Many previous climate simulations predicted that the Atlantic circulation would remain largely stable under future climate change. But those simulations failed to accurately portray how relatively freshwater flows between the Atlantic and Southern oceans, an important mechanism as the climate warms. After fixing that inaccuracy, Yale University climate scientist Wei Liu and colleagues set up an extreme climate scenario to test the current’s robustness. Doubling CO2 concentrations in the atmosphere shuttered the Atlantic current in 300 years, the researchers’ simulation showed.

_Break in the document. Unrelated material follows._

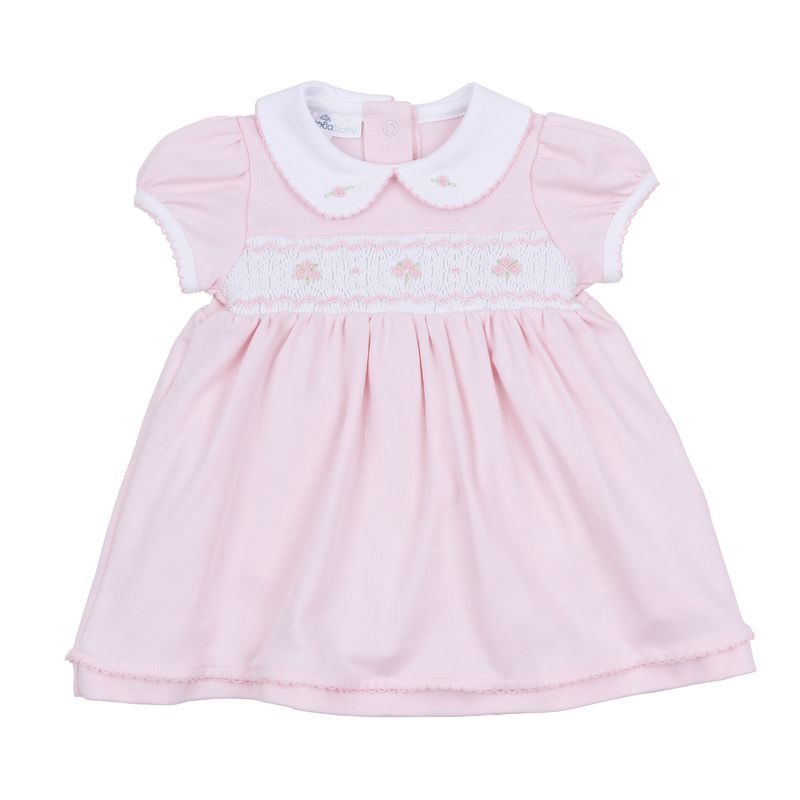 Magnolia Baby Lillian Smocked Dress- Pink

While such a rapid CO2 rise is unrealistic, the new simulation demonstrates that the current isn’t stable after all, the researchers conclude January 4 in Science Advances. “The next step is to use a more realistic warming scenario to predict what the future will look like,” Liu says.

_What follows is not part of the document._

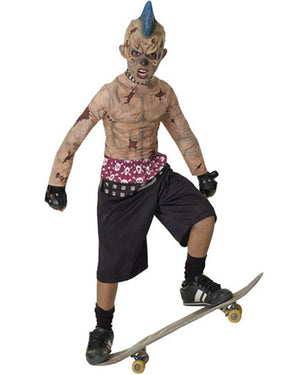 Zombie Skate Punk Boys Costume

Even with a more realistic scenario, the applicability to the real world will be hampered by a lack of direct long-term observations of the Atlantic circulation, says Gerald Meehl, a climate scientist at the National Center for Atmospheric Research in Boulder, Colo. Observations help improve simulations, but such data for the Atlantic current don’t go back “for more than a decade or two,” he says.

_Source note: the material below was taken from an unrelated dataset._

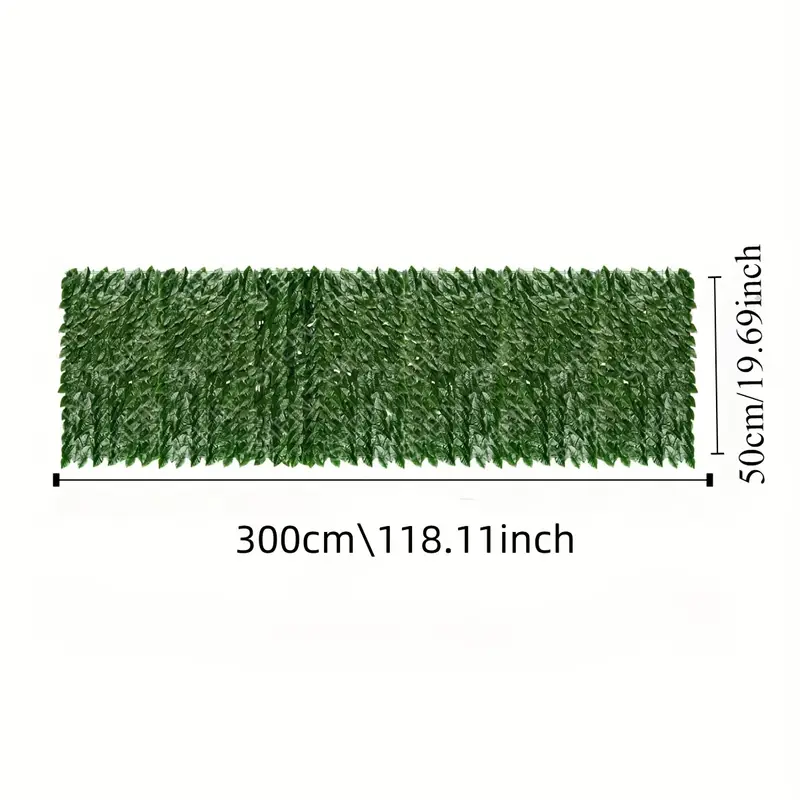 Gard Viu Verde Artificial – Umbra Naturală pentru Spații Exterioare [20]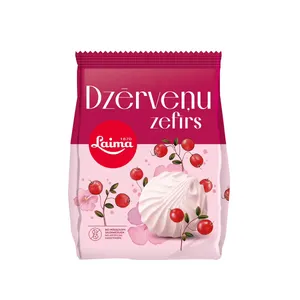LAIMA zefyrai, spanguolių skonio, 200g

Known as the Atlantic Meridional Overturning Circulation, the Atlantic current is a colossal conveyor belt. It carries warm water from the South Atlantic northward along the ocean surface into the North Atlantic. Near Greenland where the current makes a U-turn, cold water sinks and flows southward into the South Atlantic. These two halves of the AMOC form a loop that keeps northwestern Europe warm and drives rainfall across the tropical Atlantic.
Warming due to climate change in the North Atlantic makes the waters there less dense and less likely to sink. This change slows the AMOC. In many previous climate simulations, the current’s speed bounces back. That’s because these simulations incorrectly show that rain-freshened water flows from the Southern Ocean into the Atlantic Ocean. In these simulations, as the AMOC weakens, this influx of freshwater slackens and the Atlantic becomes saltier. Like cold water, salt-laden water is denser and more likely to sink, helping the AMOC recover.
But ocean observations show that freshwater flows from the Atlantic into the Southern Ocean, not the other way around. Liu and colleagues updated an existing simulation by manually correcting the flow direction. After doubling CO2 concentrations in the simulation compared with 1990 levels, the researchers found that the North Atlantic warmed and the AMOC slowed. With less warm water moving northward, countries such as England and Iceland cooled even when taking into account the greenhouse warming from the added CO2.
The researchers also found that as the AMOC slowed, less freshwater from the Atlantic flowed into the Southern Ocean. That decreased the Atlantic’s saltiness, further weakening and ultimately collapsing the AMOC. The same simulation without the flow-direction change did not show a disrupted current, the researchers found. Meltwater from shrinking Greenland ice may also freshen the Atlantic, suppressing the AMOC, though the researchers didn’t look at this effect.